Until late into the 18th century watches and clocks were mostly for the rich, and their inaccuracy made the difference between clock and sundial less obvious.

From 1792, in England, it became normal to use local mean time, rather than apparent time from a sundial.

Whilst travel and communications were slow, these local time differences were of little importance, and most towns and cities in Britain used local time. By the 18th Century horse drawn coaches were taking mail and passengers across Britain, and the guards on these coaches carried timepieces, so that they could regulate the arrival and departure times. Because of the local time differences across Britain, these timepieces were adjusted to gain about 15 minutes in every 24 hours, when travelling west - east, to compensate for the local time differences. (and of course adjusted to lose 15 minutes in 24 hours when returning)

In the early part of the 19th century, communications started to be significantly improved, the railways started to be constructed, and "Galvanic Communication" (Telegraph by wires) started to become common.
To many aspects of life, accurate time was becoming more and more essential, and the usage of local time became a great inconvenience. A telegraph message wired from London, early Saturday morning, might arrive instantaneously in Dublin late Friday night. Two babies born at the same instant in time, but in different east / west parts of the country might be officially born on two different days, with possibly quite serious legal implications for inheritances.

By the 1840's there were at least three organisations which suffered inconveniences because of the use of local times - The railways, the telegraph companies, and the Post Office.
In June 1836, John Henry Belville, who was employed at the Greenwich Observatory in London, started making a weekly visit to the principal chronometer makers in London , he took a pocket chronometer with him, set to Greenwich time.

In November 1840, the Great Western Railway ordered that London time should be used in all its timetables, and at all its stations.

In 1845 the Liverpool and Manchester Railway company unsuccessfully petitioned Parliament, to ask that a single uniform time be used for all ordinary and commercial purposes.

In January 1846, the North Western Railway introduced London time, to their station at Liverpool and Manchester.

On 22nd September 1847, the Railway Clearing House recommended that every railway company in Britain adopt Greenwich time at their stations, as soon as possible.

In 1st December 1847, the London and North Western, and the Caledonian Railway both adopted London time.
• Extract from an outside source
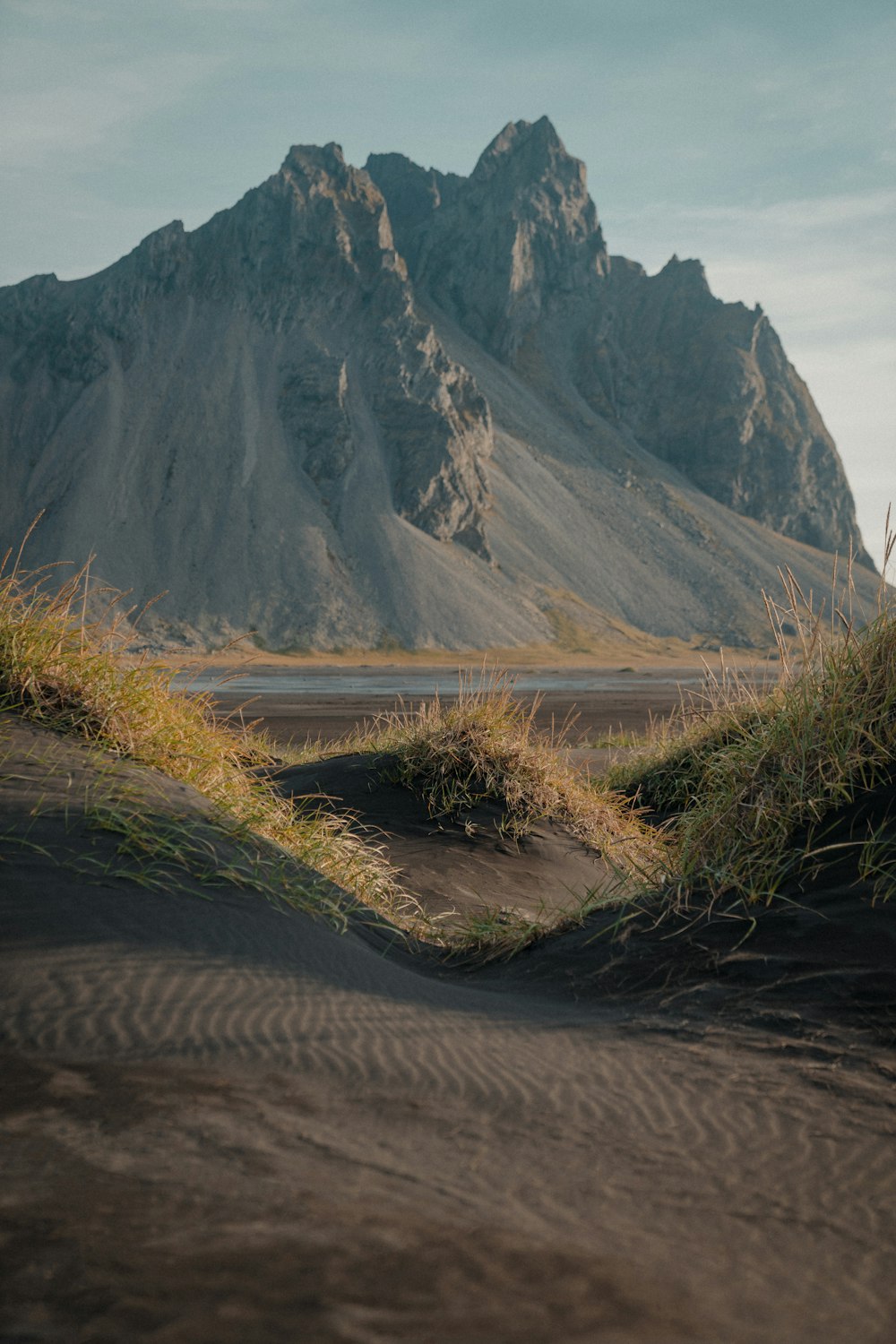 a mountain range in the distance with grass growing out of the sand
Bradshaws Railway Guide for January 1848 list the London and south western, London and North western, Midland, Chester and Birkenhead, Lancaster and Carlisle, East Lancashire and the York and North Midland railways as all keeping Greenwich time.
The Great Western, South Eastern and the Caledonian were also keeping Greenwich time.
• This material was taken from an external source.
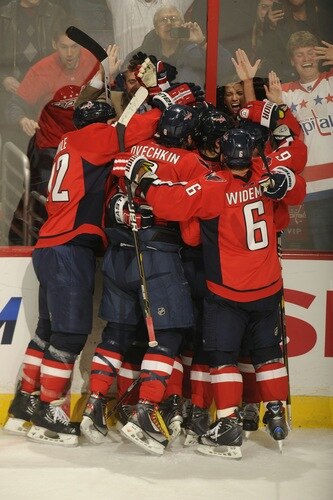 WASHINGTON, DC - MARCH 1:  The Washington Capitals celebrate their first goal during the third period of a NHL hockey game against the New York Islanders on March 1, 2011 at the Verizon Center in Washington, DC.  <br /><br /><span class="help">(Photo by Mitchell Layton/NHLI via Getty Images)</span>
On 17 th February 1852, the installation of telegraph lines between the Greenwich observatory, and Lewisham station was completed, by August time signals were sent on a regular basis from the Greenwich Observatory, to London Bridge station, and onwards from there through the railways telegraph system, and also through the Central Telegraph Station of the Electric Time Company in Lothbury, for further distribution all over the country.

On 30 th October 1852 the following instruction was passed to the South Eastern Railway. (A similar order went to the Great Western, and probably to other railways as well.

Electric Telegraph,
Tonbridge, October 30th, 1852,
South Eastern Railway.

General Order
GREENWICH MEAN TIME SIGNALS

The Astronomer Royal has erected Shepherd's Electro-Magnetic Clock at the Royal Observatory, for the transmission of Greenwich Mean Time to distant places.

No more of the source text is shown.